If you have known a child, you know — sometimes, there is NO stopping them. You can look away for one second and then feel your heart drop the moment you see what they've gotten up to in that one second that your eyes weren't glued to them.
So here are some of the wildest and funniest responses they received:
1. "I went to pee and put my two kiddos in their room with the door open and the gate up. I also had the bathroom door open. I come out to find a dozen eggs cracked on the kitchen floor and my youngest covered in peanut butter, naked."
"My now ex-husband was sleeping. I walked into our room, woke him up, and tagged out. My brain was fried at that point. To this day, I have no clue how they escaped, and they are 16 and 18 now." —u/HolyPallyGirl
2. "My son was 3, and we were leaving Target. He left my sight as I was adjusting my bags. Maybe two seconds, tops. Poof. He was gone. I try to act cool, but my true-crime podcast obsession got the best of me. The store locks down. We are all looking for him. People are checking cars outside. I’m calling my son’s name louder than any intercom system. We were just about to call the police."
"And then my toddler slides out of the cart area and acts like, 'Sup?' He decided it would be a most excellent idea to shimmy underneath the carts and sit there as the world turns inside out searching for him.

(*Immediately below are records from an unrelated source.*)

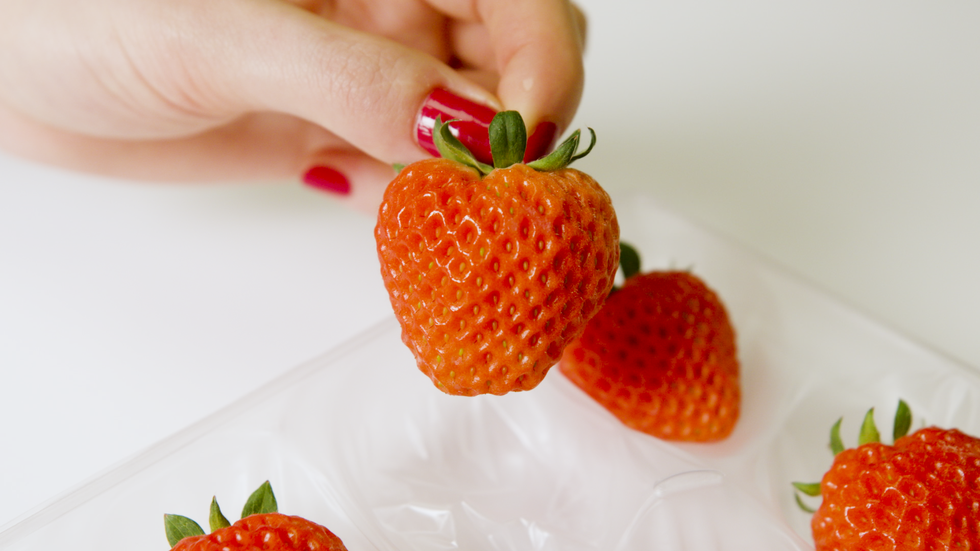 a hand holding a strawberry
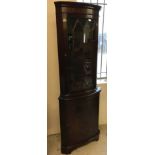 A vintage dark wood bow fronted corner unit with glazed top.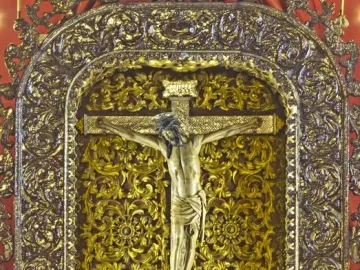 Cristo de La Laguna on the cross בתוך an ornate golden altar shrine with flowers below.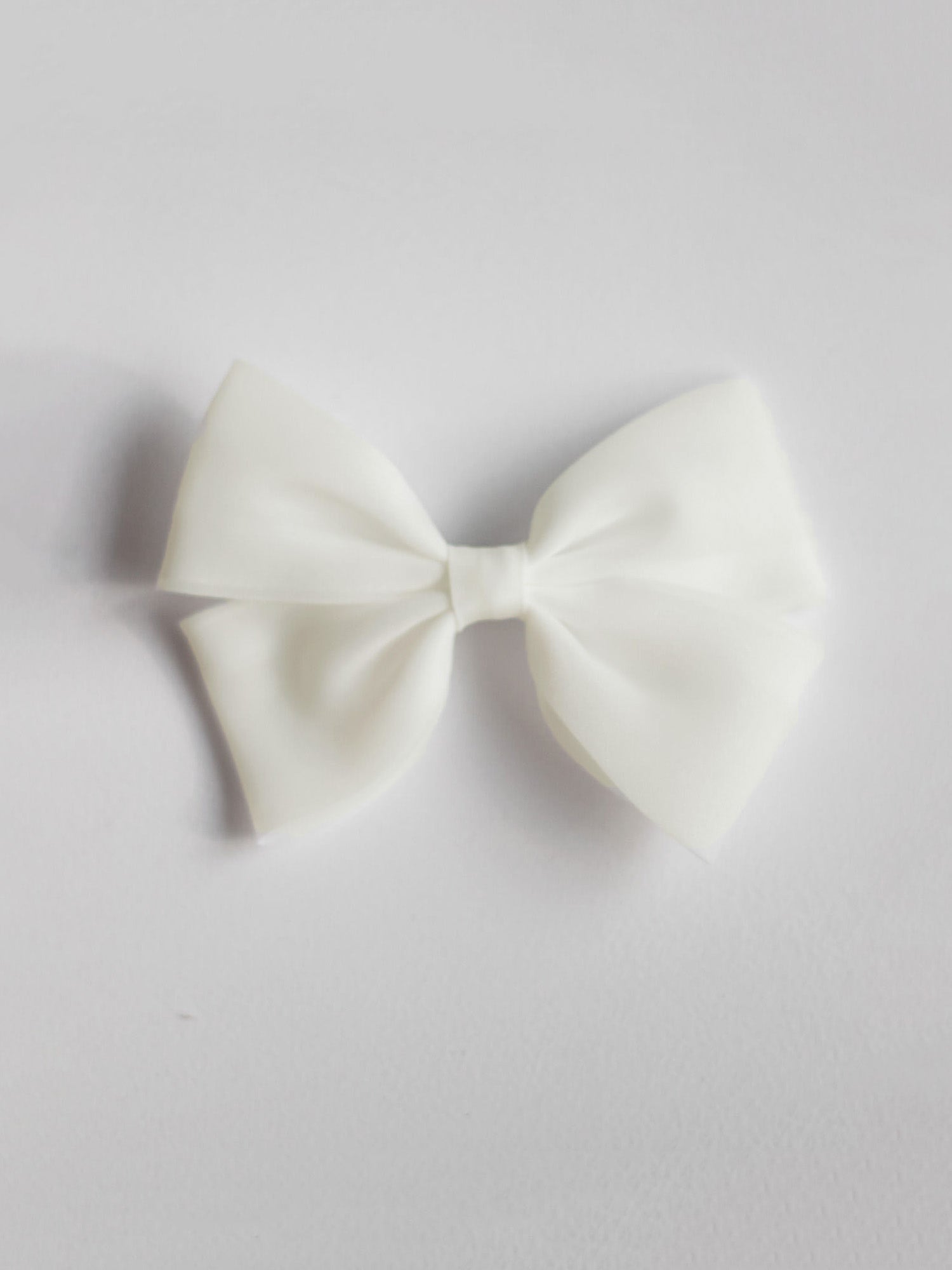 Cream organza bow hair clip.
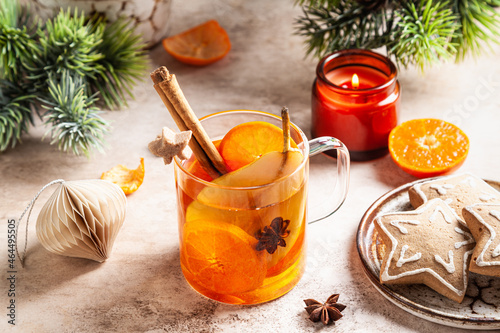 White mulled wine with tangerines, pears and cinnamon.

I hugged him and yelled at him for a good 10 minutes, ugly sobbing. 100/100 grateful for my Target folks. We catered lunch for them as a huge 'thank you and sorry my kid is an a-hole.'" —u/Italics12
3. "Our firstborn was about 18 months — walking but not that agile. I was downstairs on the computer, and my wife yelled that she was using the bathroom and for me to watch him. We misunderstood each other, so he was alone for about three minutes. She comes out asking where he is, and he is nowhere to be found in the house. Thinking he's just hiding, we start a full search only to notice after a few minutes that the back patio door is slightly open."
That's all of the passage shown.